This is an old revision of the document!
Section 4.1 Interval Scheduling: Greedy Stays Ahead
This section examines the Interval Scheduling Problem, which aims to find the largest subset of intervals that do not overlap one another in time. We must come upon a rule around which to design the greedy algorithm, and a few are suggested.
One possible rule is selecting the earliest starting times, but this will not work because the interval that begins first may end last, so none of the other intervals will be completed. In this example, as long as there are two or more other intervals that do not overlap, using the aforementioned rule will not yield an optimal solution.

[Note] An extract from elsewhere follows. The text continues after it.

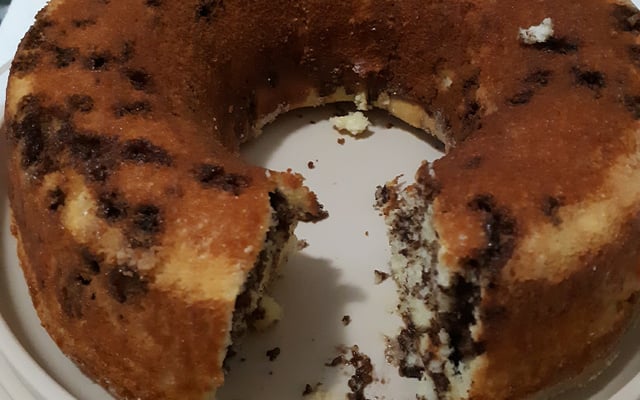 Bolo formigueiro simples (de liquidificador)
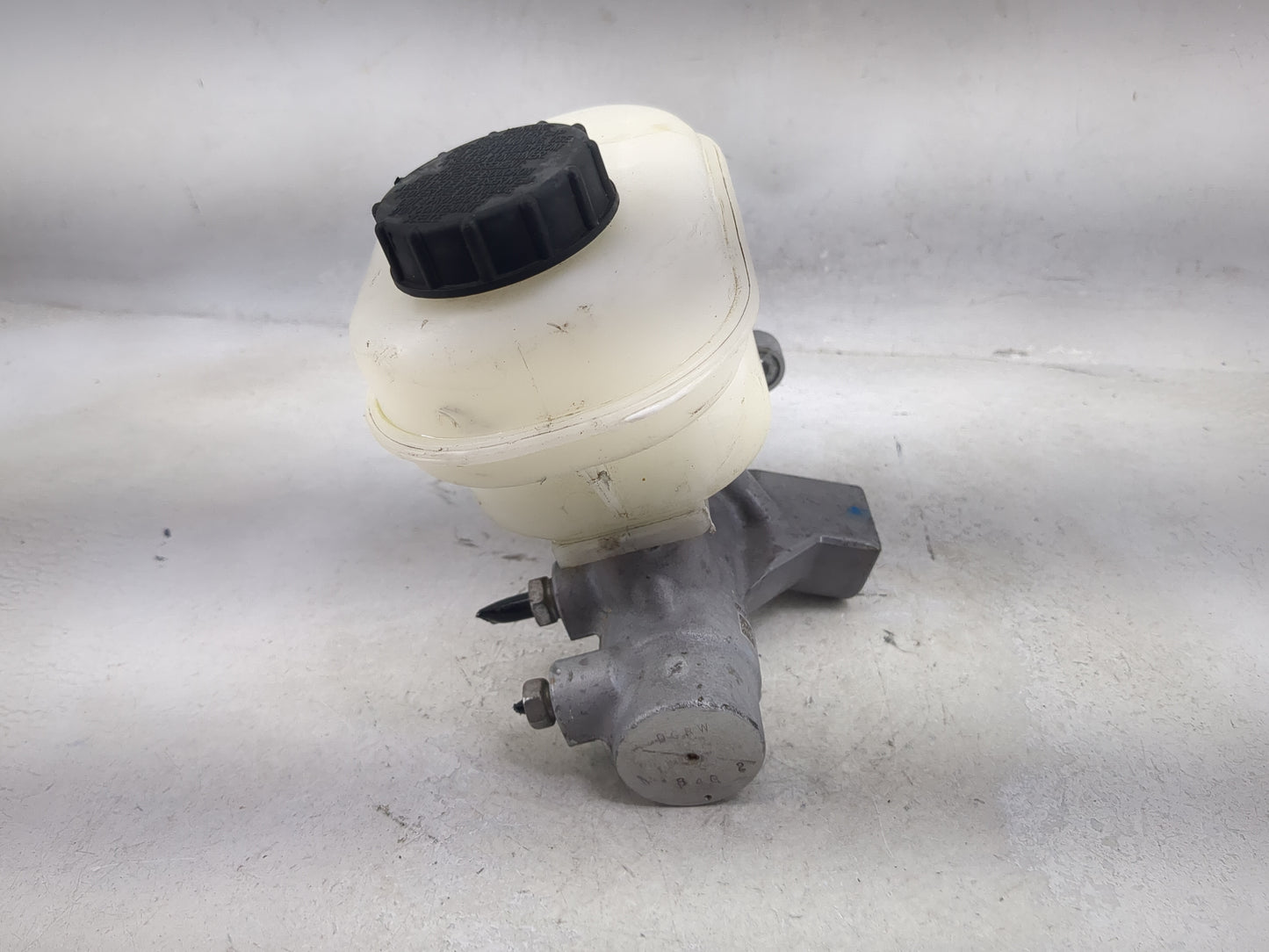 Ford F150 Brake Master Cylinder 1491056 - Oemusedautoparts1.com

Another rule that could be used is selecting the intervals in order of size – smallest to largest. This rule could lead us to select only one interval which, while small, overlaps two non-overlapping intervals and so it yields a subset of size 1 which is not the optimal solution.
A third solution is choosing intervals in order of fewest conflicts. This one will not work either because it does not take into account end times, which are important in anchoring this solution.
The rule that will work is selection of intervals based solely on which intervals end first. It can be proven that this solution is optimal by proving that the greedy algorithm will provide a solution which contains the same number of intervals as the optimal solution. The greedy algorithm will start by choosing the first interval to end, and then by choosing an interval that ends at the same time as the one in the same index position in the optimal set or earlier. The greedy algorithm stays ahead here by choosing the same interval as the one in the optimal set as its latest possible interval for that index position. Thus, the worst set that the greedy can pick is an optimal set and by definition it is also the best set the algorithm can pick. This means that the greedy algorithm always pick the optimal set.
It runs in O(n log n) time. The algorithm must sort the inputs based on ending time, an O(n log n) operation. It then creates an array in linear time and then selects the first interval and iterates through the rest of the intervals, selecting intervals whose start is greater than the previously selected interval's finish.
If we wanted to schedule all intervals using the fewest resources possible, the algorithm would only need a slight modification. This modification involves assigning a different label to each interval that overlaps and thus each label corresponds to a different “layer” or resource that the interval will occupy for the specified time.